The problem: An exact copy of the data below is needed; please leave out any pictures.

Given material:
——————
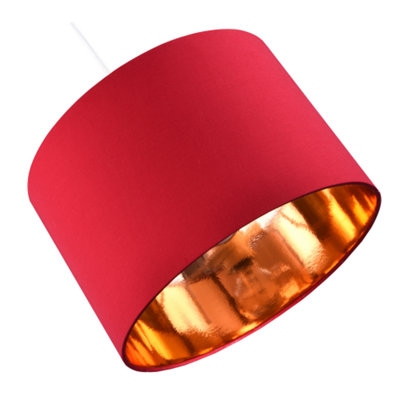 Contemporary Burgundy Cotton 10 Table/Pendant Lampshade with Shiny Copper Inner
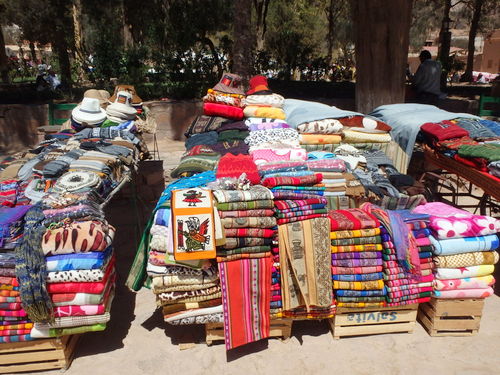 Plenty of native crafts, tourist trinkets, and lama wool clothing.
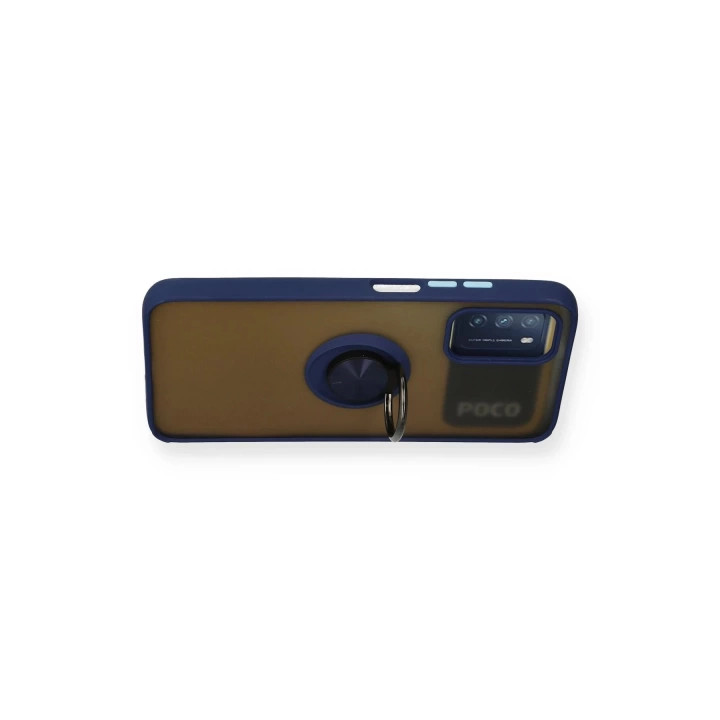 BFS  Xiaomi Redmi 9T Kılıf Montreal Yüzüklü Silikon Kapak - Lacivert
——————
Result:
 Contemporary Burgundy Cotton 10 Table/Pendant Lampshade with Shiny Copper Inner
 Plenty of native crafts, tourist trinkets, and lama wool clothing.
 BFS  Xiaomi Redmi 9T Kılıf Montreal Yüzüklü Silikon Kapak - Lacivert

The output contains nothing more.